MAXIMUM BENEFIT Hinomoto’s small-scale tractors ensure that farmland is used in the most efficient way possible, maximising yield sizes

While many medium-sized farms have been unable to weather the challenges facing the South African agriculture industry and have consequently been absorbed by larger commercial farms, smaller farmers are proving that it is possible to generate a sustainable income from a modest operation through the use of effective farming methods, says tractor supplier Hinomoto marketing director Paul van Staden.

In light of this, Hinomoto is seeing increased demand for its line of tractor implements – including ground drills, backhoes, front-end loaders, rippers, rotivators, bedformers, planters, sprayers and trailers – which have been designed specifically for intensive farming on smaller fields and in hothouses.

Van Staden notes that agricultural input costs in South Africa are on the rise, with market prices failing to keep up. He adds that, as a lot of the input products are imported, the rand volatility is making it difficult for farmers to implement long-term budget planning. Labour costs are also increasing year-on-year. Sustaining profits has, thus, become difficult, putting infrastructure expansion plans on hold and reducing the ability of medium-sized farms to increase their operations and, consequently, their turnovers.

However, Van Staden points out that, globally, small-scale farms are proving far more resilient, with a study done by the University of Minnesota last year indicating that more than half of the world’s food is being produced by small farms.

He highlights that a lot of traditional maize and sunflower farmers are, for example, planting smaller fields with “cash crops” such as vegetables, which can be quickly and easily harvested and sold.

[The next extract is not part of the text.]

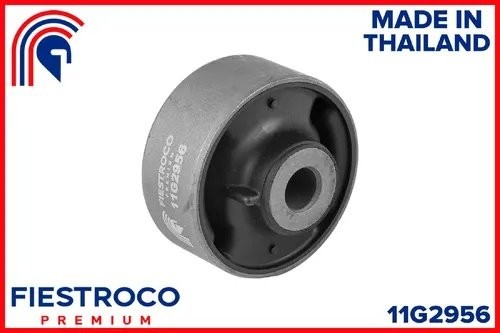 Сайлентблок SKODA  Octavia III 5E__B_ CHZD 1,0 11G2956 11G2956 FIESTROCO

This helps with cash flow until the main crops can be harvested.

“In Africa, the focus has traditionally been on maize and soya, but this is changing to include vegetables as well. “We see a lot of female farmers in rural communities, especially, getting involved and making a success of their farming.”

Hothouses and shade net farming are becoming increasingly popular among these small-scale farmers, as the climate can be controlled to a certain extent by either opening or closing air vents to raise or lower the internal temperature of the hothouse or tunnel. Larger units can also be regulated by boilers and water and fertiliser can be delivered to plants with an irrigation system that can calculate the exact amount of water and fertiliser needed for each type of plant.

Van Staden explains that the manufacture of Hinomoto’s implements began in 2006, born out of frustration that all the tractor-driven agricultural implements available on the market were either too big or too heavy for the company’s compact tractors. “Having a tractor, but only a few implements, was keeping our customers from using the machine to its full potential. From a sales perspective, it made sense to give the tractors more applications so that they would appeal to a wider market.”

Hinomoto supplies 22 different implements that work with the company’s tractor models to facilitate the hothouse farming process from beginning to end. The company also assists with the preparation of soil for planting and the construction of hothouses and similar structures, as well as plant maintenance and harvesting. The company’s equipment has found application in the vegetable and flower farming sectors by both commercial farmers on open field vegetable farms and community and development farmers on mixed farming land.

“Demand for our products is growing at a good rate as there are a lot of new and existing farmers using our units to get their cash crops started. These units allow starter farmers to get going without breaking the bank, but with effective equipment that can make their operations commercially viable in time.”
He highlights that investment in hothouses and shade net farming structures is gaining traction among small-scale farmers as this type of farming ensures higher yields from the same area as other methods and, in most cases, an extra planting cycle can be facilitated in a year.

“Our products are designed to use as much of the covered area as possible and the implements are easy to connect and disconnect. “The tractor operation can also be done by fairly inexperienced operators, making it ideal for training upcoming farmers.”

This is crucial, as skills development is an integral part of Hinomoto’s business, with much of the company’s equipment supplied to community development programmes and all clients provided with basic training when the products are delivered. In addition, Hinomoto has been registered with the Manufacturing, Engineering and Related Services Sector Education Training Authority of South Africa as a tractor mechanic training facility since 2004.

New Crops for S Africa
Hinomoto is currently involved in the Moringa4all project in Limpopo, which aims to train upcoming farmers in the region to grow Moringa crops. Traditionally grown in Asia, Hinomoto project consultant Gerhard Abrie notes that research has indicated that there is significant global demand for organic Moringa, which is used as a vegetable supplement for both humans and animals.

Hinomoto has supplied small-scale tractors to the farmers, ensuring that space is used in the most efficient way possible and that yield sizes are optimised. “The project is providing widespread economic stimulation for the rural community in the area and having access to the right equipment has been paramount in its success,” concludes Abrie.